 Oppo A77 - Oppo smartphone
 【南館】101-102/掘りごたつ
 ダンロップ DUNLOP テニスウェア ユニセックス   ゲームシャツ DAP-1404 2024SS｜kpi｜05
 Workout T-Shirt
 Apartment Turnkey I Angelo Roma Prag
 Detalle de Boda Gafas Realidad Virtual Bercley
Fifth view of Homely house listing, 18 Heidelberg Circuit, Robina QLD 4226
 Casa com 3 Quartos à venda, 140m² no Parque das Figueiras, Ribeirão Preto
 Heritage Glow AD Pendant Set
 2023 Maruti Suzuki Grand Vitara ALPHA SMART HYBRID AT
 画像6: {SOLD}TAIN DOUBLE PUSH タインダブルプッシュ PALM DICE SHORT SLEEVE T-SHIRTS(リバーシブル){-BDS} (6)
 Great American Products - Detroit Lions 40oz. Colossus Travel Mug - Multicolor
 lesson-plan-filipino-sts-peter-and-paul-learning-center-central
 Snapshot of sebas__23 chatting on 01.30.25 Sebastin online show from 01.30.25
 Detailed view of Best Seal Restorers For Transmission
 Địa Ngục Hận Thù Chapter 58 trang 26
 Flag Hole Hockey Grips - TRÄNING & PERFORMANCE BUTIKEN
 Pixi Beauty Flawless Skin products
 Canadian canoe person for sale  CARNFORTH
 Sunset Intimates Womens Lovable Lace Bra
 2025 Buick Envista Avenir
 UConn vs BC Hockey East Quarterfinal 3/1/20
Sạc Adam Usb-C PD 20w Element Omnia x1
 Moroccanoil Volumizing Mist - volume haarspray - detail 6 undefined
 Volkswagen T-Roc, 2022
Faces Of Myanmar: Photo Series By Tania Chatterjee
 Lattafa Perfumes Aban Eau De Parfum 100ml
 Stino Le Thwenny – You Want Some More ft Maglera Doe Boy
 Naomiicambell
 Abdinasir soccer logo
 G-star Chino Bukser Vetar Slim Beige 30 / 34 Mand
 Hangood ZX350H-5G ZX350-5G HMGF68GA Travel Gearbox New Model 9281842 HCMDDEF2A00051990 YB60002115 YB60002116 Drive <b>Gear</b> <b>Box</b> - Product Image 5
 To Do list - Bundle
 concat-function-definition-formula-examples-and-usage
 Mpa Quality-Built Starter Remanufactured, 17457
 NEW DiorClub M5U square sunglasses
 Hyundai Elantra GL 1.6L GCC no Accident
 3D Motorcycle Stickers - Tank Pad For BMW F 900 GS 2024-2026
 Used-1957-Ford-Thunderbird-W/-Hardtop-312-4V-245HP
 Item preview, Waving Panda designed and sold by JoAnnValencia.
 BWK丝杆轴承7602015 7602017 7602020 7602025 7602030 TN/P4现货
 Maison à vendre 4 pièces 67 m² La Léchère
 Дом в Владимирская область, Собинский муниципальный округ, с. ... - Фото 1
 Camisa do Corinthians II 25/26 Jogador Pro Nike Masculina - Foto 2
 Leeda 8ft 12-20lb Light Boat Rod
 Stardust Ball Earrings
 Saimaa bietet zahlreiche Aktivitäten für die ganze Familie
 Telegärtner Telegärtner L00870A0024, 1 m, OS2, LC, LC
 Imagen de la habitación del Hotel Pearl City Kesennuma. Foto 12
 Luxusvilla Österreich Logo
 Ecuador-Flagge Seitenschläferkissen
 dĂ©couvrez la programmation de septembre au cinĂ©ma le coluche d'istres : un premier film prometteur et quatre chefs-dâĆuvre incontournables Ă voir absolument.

***

Task for the records above: copy every line in which the word "Hockey" occurs.

*EXPECTED ANSWER*
 Flag Hole Hockey Grips - TRÄNING & PERFORMANCE BUTIKEN
 UConn vs BC Hockey East Quarterfinal 3/1/20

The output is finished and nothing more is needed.